As we help engineers and manufacturing companies moving to organize information, I can see how old Excel habits are often preventing organizations and engineers from making progress and shift towards an organized data-driven environment. The same old habits prevent companies from start thinking “data” instead of thinking “Excel documents”.
In my article today, I want to outline 3 typical old Excel habits I see when organizations decide to left Excel data management behind and move forward.
1- Put all my data in a single Excel
It is so easy to think about how to pull all the data in a single Excel. It gives a feeling of control, ownership, and ease of data access. The problem with this approach is that Excel quickly became unmanageable in terms of changes and access control. I can see attempts to hide columns, control the updates, and combining data in Excel with revisions of the Excel files.
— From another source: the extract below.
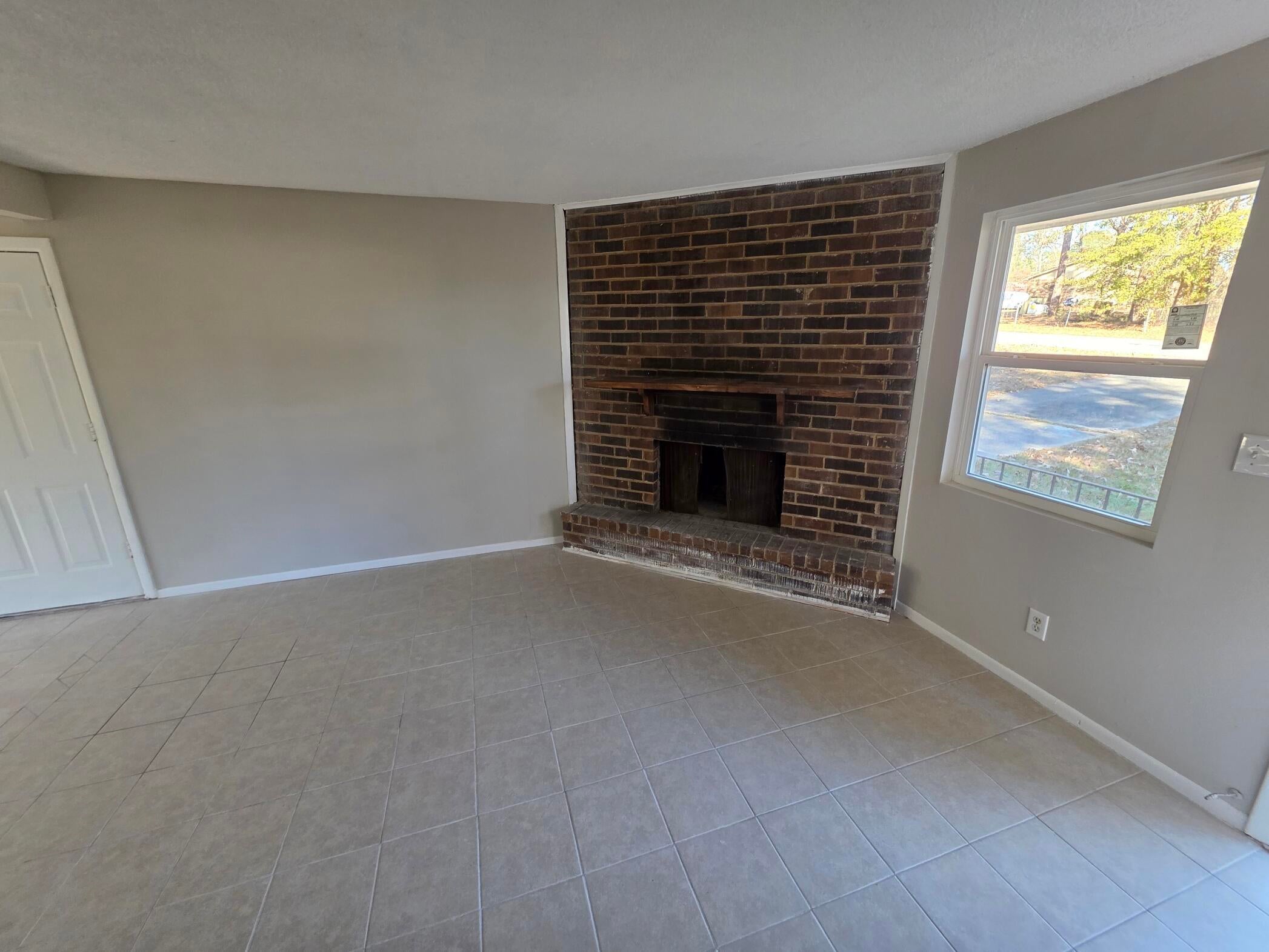 4305 Parkwood Drive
2- Organize spreadsheet in a specific order, shape, and form
Once you attempt to put all the data you need in single Excel (even with multiple sheets), I often can see how companies are attempting to manage the structure and make some data organization using Excel formatting methods – order of columns, order of rows, spacing, indentation, etc. All these methods help to the user to get data organizations such as group similar items together (ex. parts of the same type or contractor), product structure, and many others. However, Excel is lacking relationships management and the outcome is a big mess of unstructured data that is hard to manage.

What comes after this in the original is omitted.